*** Extracted records
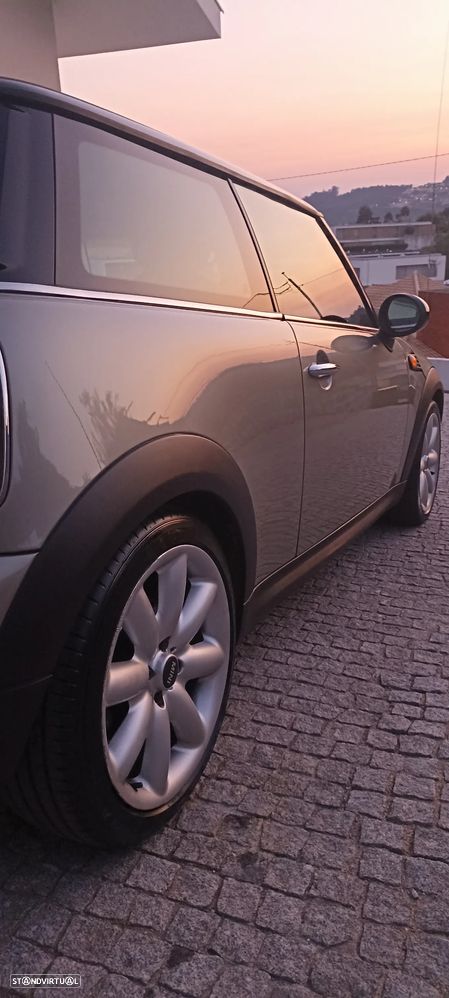 MINI 3 Portas Cooper D - 14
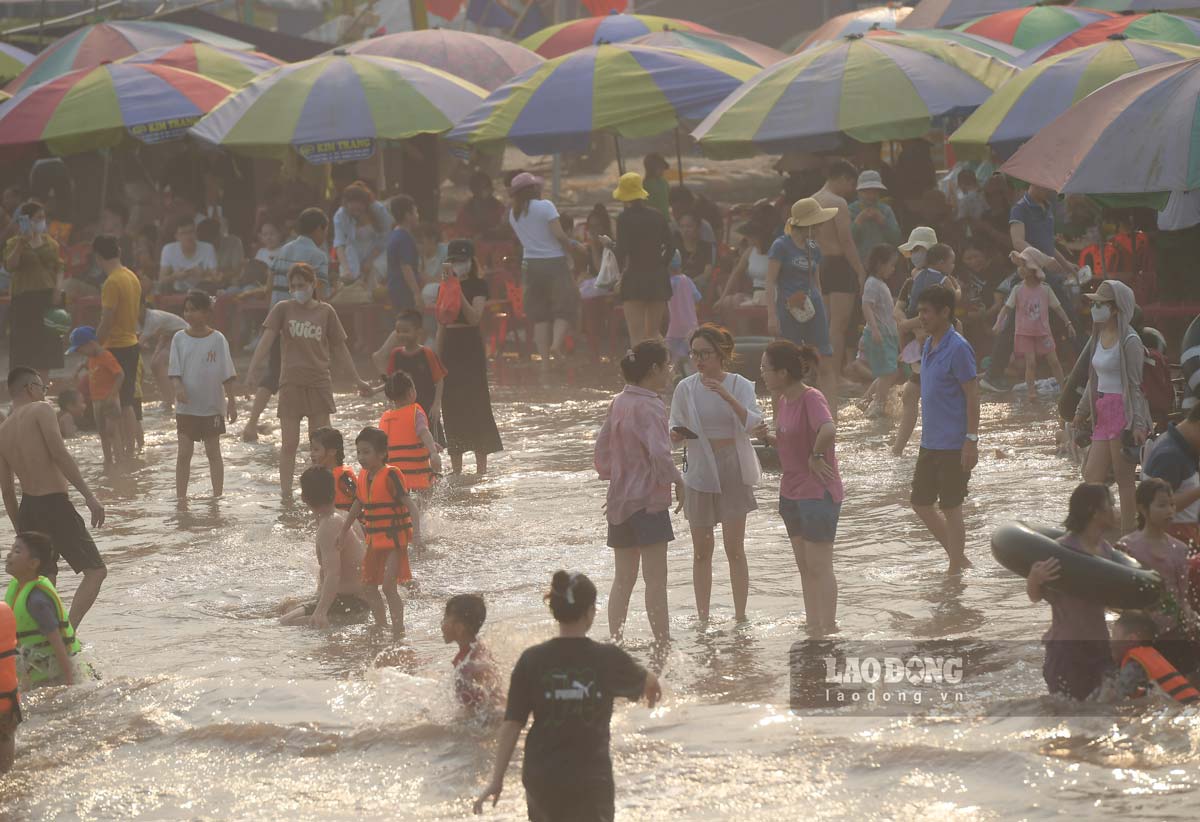 Ghi nhận của PV Báo Lao Động chiều 28 và 29.4, rất đông người dân và du khách kéo đến khu vực nhà thờ đổ (xã Hải Lý, huyện Hải Hậu, tỉnh Nam Định để check-in, tắm biển.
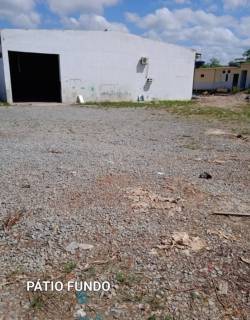 Ótimo Barracão na Avenida da Feb.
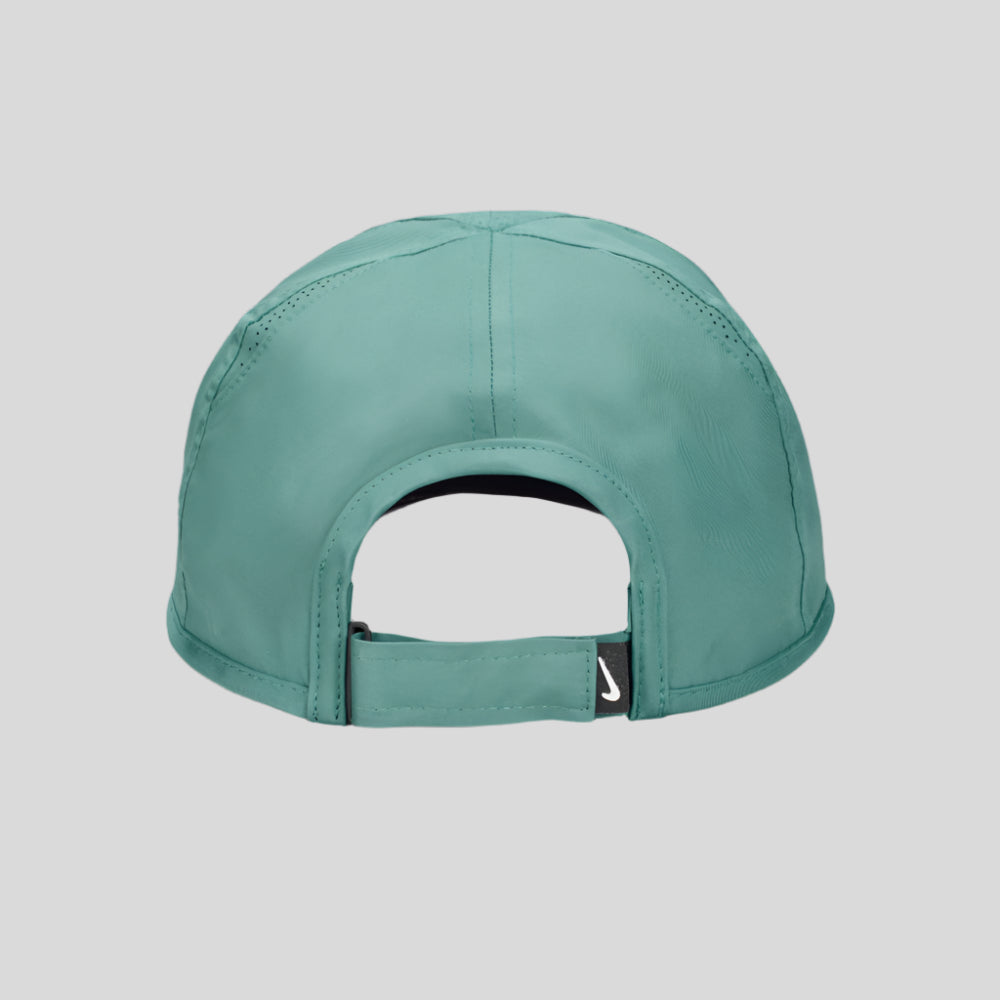 nike featherlight adjustable hat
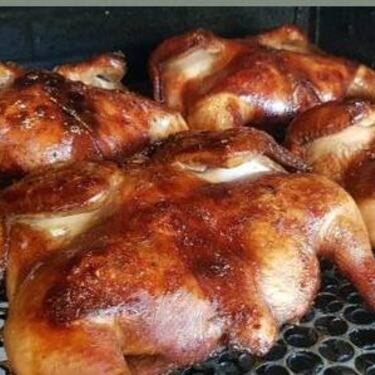 Frango de 550g em media temperado com vinho tinto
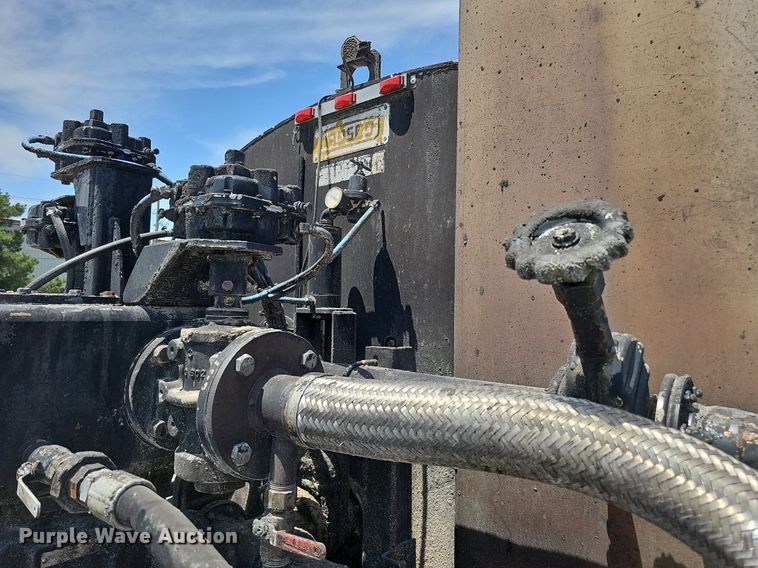 image for item DO2777 1996 International 4900  oil distributor truck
******
Problem requirements >>
Your output should consist solely of the lines from the line containing "Ghi nhận của" through the last line of the entries, verbatim, minus any pictures.

Answer for this exercise >>
 Ghi nhận của PV Báo Lao Động chiều 28 và 29.4, rất đông người dân và du khách kéo đến khu vực nhà thờ đổ (xã Hải Lý, huyện Hải Hậu, tỉnh Nam Định để check-in, tắm biển.
 Ótimo Barracão na Avenida da Feb.
 nike featherlight adjustable hat
 Frango de 550g em media temperado com vinho tinto
 image for item DO2777 1996 International 4900  oil distributor truck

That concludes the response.